Arakan'daki şiddetin son bulması ve şiddet olaylarından etkilenenlere erişimin sağlanması gerektiğini vurgulayan Burgener, ''Cox’s Bazar'da umutları tükenen mültecilerinin son derece zorlu şartlarda yaşadığına ilk elden şahit oldum'' diye konuştu.
Arakanlı mültecilere ev sahipliği yapan Bangladeş'in son derece cömert olduğuna ancak mevcut durumun sürdürülemeyeceğine dikkati çeken Burgener, Budistlerden oluşan Arakan Kurtuluş Ordusu ile yaşanan çatışmaların ise Rohingya Müslümanlarının evlerine onurlu ve güvenli dönüşünü etkileyeceğinden endişe duyduğunu söyledi.
Burgener, Arakan dışında Kaçin ve Şan eyaletlerinde de ateşkesin sekteye uğradığını ve sivillere erişimin kısıtlandığını belirterek, barış sürecinin önemli kazanımları için taraflara itidal çağrısında bulundu.
ABD'den Myanmar'a krizin çözümünde yapıcı rol çağrısı
ABD'nin BM Daimi Temsilci Yardımcısı Jonathan Cohen ise Myanmar hükümetini krizin çözümünde yapıcı bir rol oynamaya davet etti ve insan hakları ihlallerinden sorumlu olanların adalete teslim edilmesi çağrısı yaptı.
Arakanlı Müslümanlara etnik temizlik
Arakan'da 2012'de Budistler ile Müslümanlar arasında çatışmalar çıkmış, olaylarda çoğu Müslüman binlerce kişi katledilmiş, yüzlerce ev ve iş yeri ateşe verilmişti.
Arakan'daki sınır karakollarına 25 Ağustos 2017'de düzenlenen eş zamanlı saldırıları gerekçe gösteren Myanmar ordusu ve Budist milliyetçiler, kitlesel şiddet eylemlerini başlatmıştı.

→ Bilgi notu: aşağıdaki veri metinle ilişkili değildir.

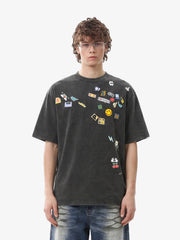 Vintage Gaming Sticker Style Motif Oversized T-Shirt 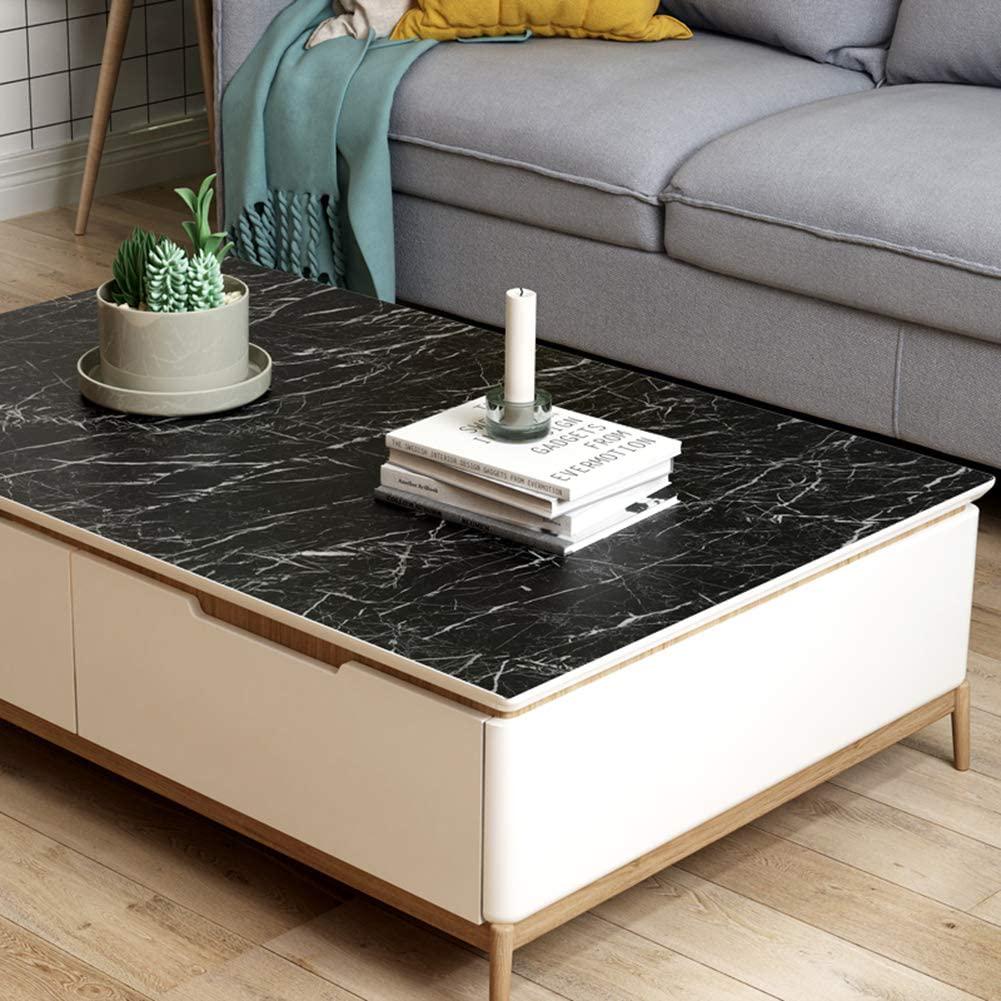 LACHEERY, LaCheery 24x160in Black Marble Contact Paper Granite Countertops Sticker Peel and Stick Wallpaper for Cabinets Backsplash Table Desk Furniture Decorative Adhesive Film Waterproof PVC Wall Sticker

Birleşmiş Milletlere (BM) göre, 25 Ağustos 2017'den sonra Arakan'daki baskı ve zulümden kaçıp Bangladeş'e sığınanların sayısı 745 bine ulaştı. Uluslararası insan hakları kuruluşları, yayımladıkları uydu görüntüleriyle yüzlerce köyün yok edildiğini kanıtladı.
Bangladeş, ülkedeki Arakanlı mültecilerin yurtlarına dönüşü için Myanmar ile vardığı anlaşmayı uygulamaktan vazgeçerken, uluslararası medya ve yardım kuruluşlarının Arakan bölgesine girişini ciddi oranda kısıtlayan Myanmar hükümeti ise Arakanlı Müslümanların dönüşlerine ilişkin verdiği sözleri yerine getirmedi.
BM ve uluslararası insan hakları örgütleri, Arakanlı Müslümanlara yönelik şiddeti "etnik temizlik" ya da "soykırım" olarak adlandırıyor.
İnsan hakları örgütleri, Arakanlı Müslümanların güvenli ortam sağlanmadan Myanmar'a dönmelerinin yeni bir etnik temizlik kampanyasına yol açacağı endişesini taşıyor.